_Problem to solve_: For each record below, write an exact copy.

_Information supplied_:
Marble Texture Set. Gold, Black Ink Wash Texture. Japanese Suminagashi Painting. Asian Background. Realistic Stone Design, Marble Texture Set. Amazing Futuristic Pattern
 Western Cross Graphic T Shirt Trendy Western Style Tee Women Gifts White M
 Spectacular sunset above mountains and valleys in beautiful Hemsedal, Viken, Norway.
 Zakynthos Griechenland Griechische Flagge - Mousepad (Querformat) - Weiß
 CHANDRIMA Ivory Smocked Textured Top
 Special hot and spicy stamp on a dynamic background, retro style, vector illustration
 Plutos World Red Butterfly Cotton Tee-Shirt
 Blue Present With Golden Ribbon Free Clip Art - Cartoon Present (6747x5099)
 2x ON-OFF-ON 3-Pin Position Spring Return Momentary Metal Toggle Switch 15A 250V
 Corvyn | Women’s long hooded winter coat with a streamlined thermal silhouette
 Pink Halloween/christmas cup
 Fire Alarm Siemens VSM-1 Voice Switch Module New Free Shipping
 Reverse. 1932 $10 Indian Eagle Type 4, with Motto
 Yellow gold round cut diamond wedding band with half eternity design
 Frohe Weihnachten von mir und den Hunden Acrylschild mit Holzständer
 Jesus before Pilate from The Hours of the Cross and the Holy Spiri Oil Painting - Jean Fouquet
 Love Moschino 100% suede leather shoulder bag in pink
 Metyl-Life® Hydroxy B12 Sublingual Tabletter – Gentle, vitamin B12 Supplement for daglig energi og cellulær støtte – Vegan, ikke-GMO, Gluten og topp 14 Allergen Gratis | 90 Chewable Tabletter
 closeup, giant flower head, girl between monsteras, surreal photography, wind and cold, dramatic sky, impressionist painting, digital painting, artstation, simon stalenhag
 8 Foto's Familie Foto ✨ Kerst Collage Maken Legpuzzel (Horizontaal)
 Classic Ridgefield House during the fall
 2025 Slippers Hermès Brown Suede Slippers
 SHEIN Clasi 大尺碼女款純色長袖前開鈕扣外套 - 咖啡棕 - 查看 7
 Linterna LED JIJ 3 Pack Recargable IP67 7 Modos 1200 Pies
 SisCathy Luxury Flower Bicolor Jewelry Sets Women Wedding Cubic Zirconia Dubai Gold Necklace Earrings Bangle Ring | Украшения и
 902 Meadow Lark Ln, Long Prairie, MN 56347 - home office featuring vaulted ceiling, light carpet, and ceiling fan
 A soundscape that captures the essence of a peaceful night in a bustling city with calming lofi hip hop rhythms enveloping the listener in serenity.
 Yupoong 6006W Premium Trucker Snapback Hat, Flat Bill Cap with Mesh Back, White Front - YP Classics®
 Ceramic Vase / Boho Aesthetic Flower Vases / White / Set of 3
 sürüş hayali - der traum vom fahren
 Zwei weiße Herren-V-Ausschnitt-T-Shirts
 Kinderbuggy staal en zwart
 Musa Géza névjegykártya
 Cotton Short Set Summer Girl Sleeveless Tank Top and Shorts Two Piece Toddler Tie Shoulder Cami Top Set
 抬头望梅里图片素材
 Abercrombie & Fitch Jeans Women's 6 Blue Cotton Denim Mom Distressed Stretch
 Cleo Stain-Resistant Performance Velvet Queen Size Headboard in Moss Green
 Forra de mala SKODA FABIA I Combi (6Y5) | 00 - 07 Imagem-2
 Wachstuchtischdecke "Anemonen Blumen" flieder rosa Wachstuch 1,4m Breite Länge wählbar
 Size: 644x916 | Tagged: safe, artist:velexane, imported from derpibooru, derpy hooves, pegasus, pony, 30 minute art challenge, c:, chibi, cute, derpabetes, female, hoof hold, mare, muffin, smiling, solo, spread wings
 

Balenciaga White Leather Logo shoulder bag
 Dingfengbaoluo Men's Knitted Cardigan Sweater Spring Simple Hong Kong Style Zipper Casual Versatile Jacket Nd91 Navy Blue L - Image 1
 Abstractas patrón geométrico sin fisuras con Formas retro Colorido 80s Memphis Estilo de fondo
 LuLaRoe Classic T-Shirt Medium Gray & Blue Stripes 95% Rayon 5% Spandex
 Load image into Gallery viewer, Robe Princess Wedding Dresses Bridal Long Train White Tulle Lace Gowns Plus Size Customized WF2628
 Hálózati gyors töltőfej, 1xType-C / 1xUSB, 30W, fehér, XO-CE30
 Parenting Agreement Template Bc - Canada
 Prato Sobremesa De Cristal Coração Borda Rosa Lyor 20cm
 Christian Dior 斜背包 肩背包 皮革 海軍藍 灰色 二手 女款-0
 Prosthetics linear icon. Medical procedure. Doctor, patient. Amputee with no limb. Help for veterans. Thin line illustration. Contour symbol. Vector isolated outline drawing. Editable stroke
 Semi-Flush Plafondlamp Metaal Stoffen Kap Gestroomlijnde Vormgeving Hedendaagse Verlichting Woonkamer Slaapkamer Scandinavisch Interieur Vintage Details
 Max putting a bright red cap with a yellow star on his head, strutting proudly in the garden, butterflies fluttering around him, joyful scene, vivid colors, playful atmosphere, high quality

_Answer below_:
Marble Texture Set. Gold, Black Ink Wash Texture. Japanese Suminagashi Painting. Asian Background. Realistic Stone Design, Marble Texture Set. Amazing Futuristic Pattern
 Western Cross Graphic T Shirt Trendy Western Style Tee Women Gifts White M
 Spectacular sunset above mountains and valleys in beautiful Hemsedal, Viken, Norway.
 Zakynthos Griechenland Griechische Flagge - Mousepad (Querformat) - Weiß
 CHANDRIMA Ivory Smocked Textured Top
 Special hot and spicy stamp on a dynamic background, retro style, vector illustration
 Plutos World Red Butterfly Cotton Tee-Shirt
 Blue Present With Golden Ribbon Free Clip Art - Cartoon Present (6747x5099)
 2x ON-OFF-ON 3-Pin Position Spring Return Momentary Metal Toggle Switch 15A 250V
 Corvyn | Women’s long hooded winter coat with a streamlined thermal silhouette
 Pink Halloween/christmas cup
 Fire Alarm Siemens VSM-1 Voice Switch Module New Free Shipping
 Reverse. 1932 $10 Indian Eagle Type 4, with Motto
 Yellow gold round cut diamond wedding band with half eternity design
 Frohe Weihnachten von mir und den Hunden Acrylschild mit Holzständer
 Jesus before Pilate from The Hours of the Cross and the Holy Spiri Oil Painting - Jean Fouquet
 Love Moschino 100% suede leather shoulder bag in pink
 Metyl-Life® Hydroxy B12 Sublingual Tabletter – Gentle, vitamin B12 Supplement for daglig energi og cellulær støtte – Vegan, ikke-GMO, Gluten og topp 14 Allergen Gratis | 90 Chewable Tabletter
 closeup, giant flower head, girl between monsteras, surreal photography, wind and cold, dramatic sky, impressionist painting, digital painting, artstation, simon stalenhag
 8 Foto's Familie Foto ✨ Kerst Collage Maken Legpuzzel (Horizontaal)
 Classic Ridgefield House during the fall
 2025 Slippers Hermès Brown Suede Slippers
 SHEIN Clasi 大尺碼女款純色長袖前開鈕扣外套 - 咖啡棕 - 查看 7
 Linterna LED JIJ 3 Pack Recargable IP67 7 Modos 1200 Pies
 SisCathy Luxury Flower Bicolor Jewelry Sets Women Wedding Cubic Zirconia Dubai Gold Necklace Earrings Bangle Ring | Украшения и
 902 Meadow Lark Ln, Long Prairie, MN 56347 - home office featuring vaulted ceiling, light carpet, and ceiling fan
 A soundscape that captures the essence of a peaceful night in a bustling city with calming lofi hip hop rhythms enveloping the listener in serenity.
 Yupoong 6006W Premium Trucker Snapback Hat, Flat Bill Cap with Mesh Back, White Front - YP Classics®
 Ceramic Vase / Boho Aesthetic Flower Vases / White / Set of 3
 sürüş hayali - der traum vom fahren
 Zwei weiße Herren-V-Ausschnitt-T-Shirts
 Kinderbuggy staal en zwart
 Musa Géza névjegykártya
 Cotton Short Set Summer Girl Sleeveless Tank Top and Shorts Two Piece Toddler Tie Shoulder Cami Top Set
 抬头望梅里图片素材
 Abercrombie & Fitch Jeans Women's 6 Blue Cotton Denim Mom Distressed Stretch
 Cleo Stain-Resistant Performance Velvet Queen Size Headboard in Moss Green
 Forra de mala SKODA FABIA I Combi (6Y5) | 00 - 07 Imagem-2
 Wachstuchtischdecke "Anemonen Blumen" flieder rosa Wachstuch 1,4m Breite Länge wählbar
 Size: 644x916 | Tagged: safe, artist:velexane, imported from derpibooru, derpy hooves, pegasus, pony, 30 minute art challenge, c:, chibi, cute, derpabetes, female, hoof hold, mare, muffin, smiling, solo, spread wings
 

Balenciaga White Leather Logo shoulder bag
 Dingfengbaoluo Men's Knitted Cardigan Sweater Spring Simple Hong Kong Style Zipper Casual Versatile Jacket Nd91 Navy Blue L - Image 1
 Abstractas patrón geométrico sin fisuras con Formas retro Colorido 80s Memphis Estilo de fondo
 LuLaRoe Classic T-Shirt Medium Gray & Blue Stripes 95% Rayon 5% Spandex
 Load image into Gallery viewer, Robe Princess Wedding Dresses Bridal Long Train White Tulle Lace Gowns Plus Size Customized WF2628
 Hálózati gyors töltőfej, 1xType-C / 1xUSB, 30W, fehér, XO-CE30
 Parenting Agreement Template Bc - Canada
 Prato Sobremesa De Cristal Coração Borda Rosa Lyor 20cm
 Christian Dior 斜背包 肩背包 皮革 海軍藍 灰色 二手 女款-0
 Prosthetics linear icon. Medical procedure. Doctor, patient. Amputee with no limb. Help for veterans. Thin line illustration. Contour symbol. Vector isolated outline drawing. Editable stroke
 Semi-Flush Plafondlamp Metaal Stoffen Kap Gestroomlijnde Vormgeving Hedendaagse Verlichting Woonkamer Slaapkamer Scandinavisch Interieur Vintage Details
 Max putting a bright red cap with a yellow star on his head, strutting proudly in the garden, butterflies fluttering around him, joyful scene, vivid colors, playful atmosphere, high quality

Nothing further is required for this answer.